Migraine children systematic review randomized clinical trial behavioural treatment

Introduction

Migraine is an important clinical problem in school-age children with a prevalence of 2.7% to 11% (1). It is characterized by attacks of intense, throbbing, unilateral headache, often accompanied by nausea, vomiting, photophobia and phonophobia (2, 3).

Treatment of paediatric migraine includes an individually tailored regimen of both pharmacological and non-pharmacological measures. Pharmacological interventions include the use of symptomatic medication such as analgesics, and the use of prophylactic medication. The non-pharmacological modalities include life-style adjustments (e.g. dietary adjustment), reassurance, stress management, biofeedback and other behavioural therapies.
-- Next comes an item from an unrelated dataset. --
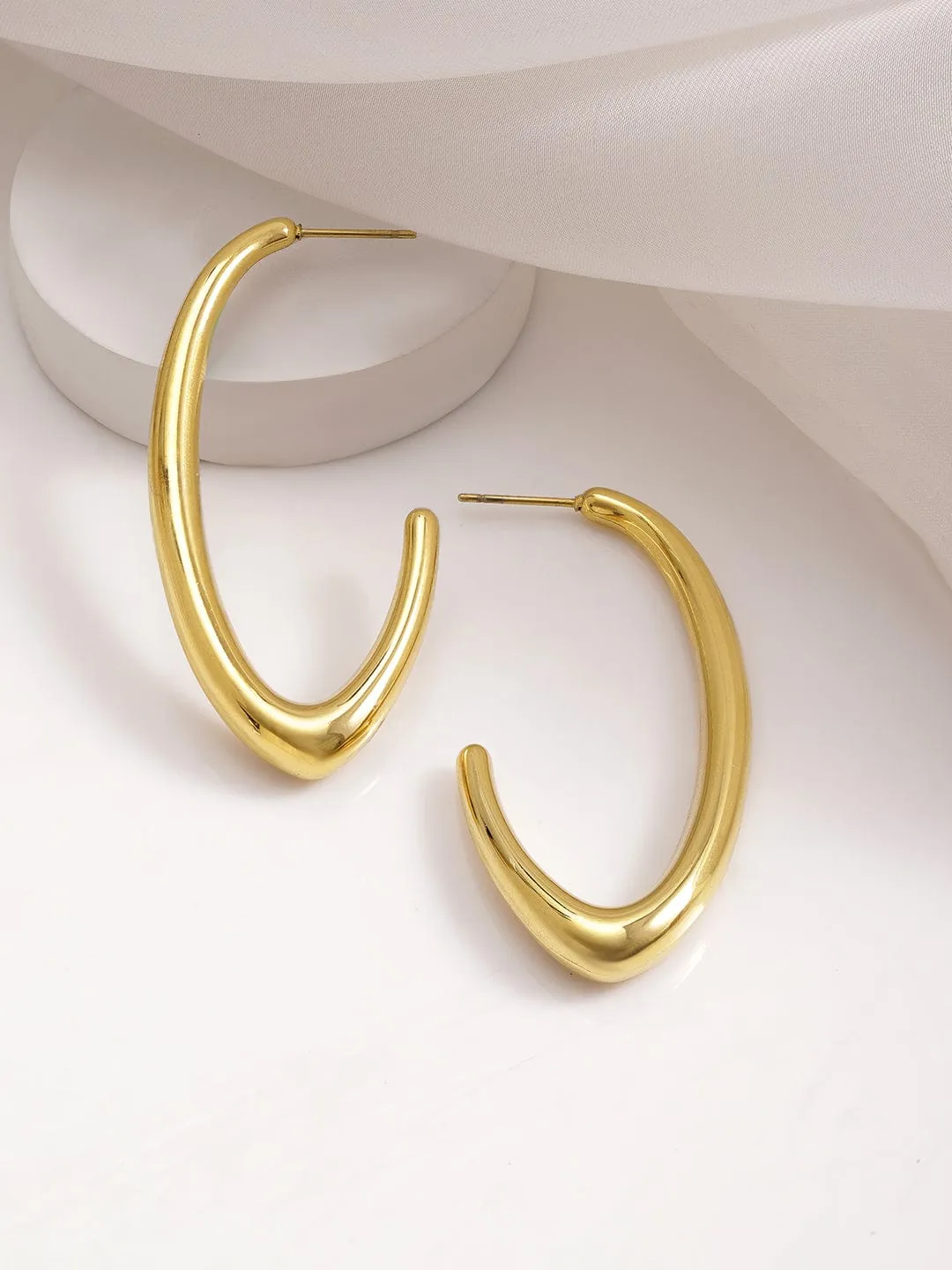 18KT Gold Plated Stainles Steel  Tarnish Free Waterproof Demi-Fine Hoop  Earrings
High-quality controlled trials preferably summarized in a systematic review form the basis for evidence-based treatment guidelines. One review is available evaluating amongst others 17 behavioural treatment studies of migraine in children, concluding that thermal biofeedback and biofeedback plus progressive muscle relaxation seem more effective than other behavioural, psychological or drug treatments (4). The authors included also studies without a control group and excluded 35% of the behavioural treatment studies, which they considered to be methodologically inadequate or lacking statistical information. In a recent Cochrane review (5), a summary is made concerning psychological therapies in the management of chronic and recurrent pain in children and adolescents. Unfortunately, the authors did not specify their findings by type of headache and age.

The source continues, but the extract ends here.